== TASK ITEM ==
Print the records again, matching each line exactly.

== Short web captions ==

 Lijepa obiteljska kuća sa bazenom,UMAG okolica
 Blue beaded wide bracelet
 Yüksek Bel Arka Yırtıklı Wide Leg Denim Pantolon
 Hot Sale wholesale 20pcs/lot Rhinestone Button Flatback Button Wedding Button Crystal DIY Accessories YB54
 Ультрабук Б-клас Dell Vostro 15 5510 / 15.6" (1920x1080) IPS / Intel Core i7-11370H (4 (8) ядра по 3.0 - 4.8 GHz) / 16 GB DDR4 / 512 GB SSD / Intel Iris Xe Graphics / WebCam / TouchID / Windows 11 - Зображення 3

== WRITTEN RESPONSE ==
 Lijepa obiteljska kuća sa bazenom,UMAG okolica
 Blue beaded wide bracelet
 Yüksek Bel Arka Yırtıklı Wide Leg Denim Pantolon
 Hot Sale wholesale 20pcs/lot Rhinestone Button Flatback Button Wedding Button Crystal DIY Accessories YB54
 Ультрабук Б-клас Dell Vostro 15 5510 / 15.6" (1920x1080) IPS / Intel Core i7-11370H (4 (8) ядра по 3.0 - 4.8 GHz) / 16 GB DDR4 / 512 GB SSD / Intel Iris Xe Graphics / WebCam / TouchID / Windows 11 - Зображення 3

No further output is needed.